Commission President Ursula von der Leyen echoed the message: “We are sending a strong signal to Russia: as long as this brutal war of aggression continues, the costs for Russia will continue to rise.” She added that the decision would make Ukraine “even stronger on the battlefield and at the negotiating table.”
High Representative Kaja Kallas reinforced the line, arguing that the agreement would allow the EU to “keep increasing the pressure on Russia until it takes negotiations seriously.”

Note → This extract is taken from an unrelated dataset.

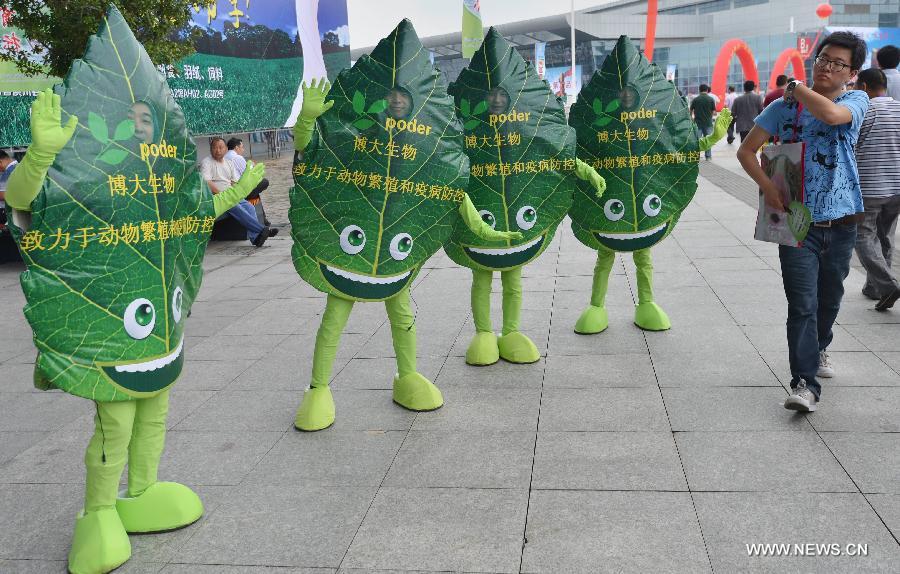 Four people wearing advertisement costumes of a disease control company are seen at the 11th (2013) China Animal Husbandry Expo in Wuhan, capital of central China's Hubei Province, May 18, 2013. The expo, which kicks off on May 18, will last until May 21. (Xinhua/Hu Weiming)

Orbán, however, had warned hours before that this written vote would cause “irreparable damage to the Union” and eliminate unanimity “with a single stroke of the pen, clearly unlawfully.” Far from hyperbolic, his assessment now appears anchored in the reality of what has just happened: 25 Member States endorsed the measure, while two opposed it, confirming that unanimity has effectively been circumvented in one of the most consequential sanctions decisions ever taken by the Union.
Today, the Brusselians are crossing the Rubicon. At noon, a written vote will take place that will cause irreparable damage to the Union.
— Orbán Viktor (@PM_ViktorOrban) December 12, 2025
The subject of the vote is the frozen Russian assets, on which the EU member states have so far voted every 6 months and adopted a unanimous…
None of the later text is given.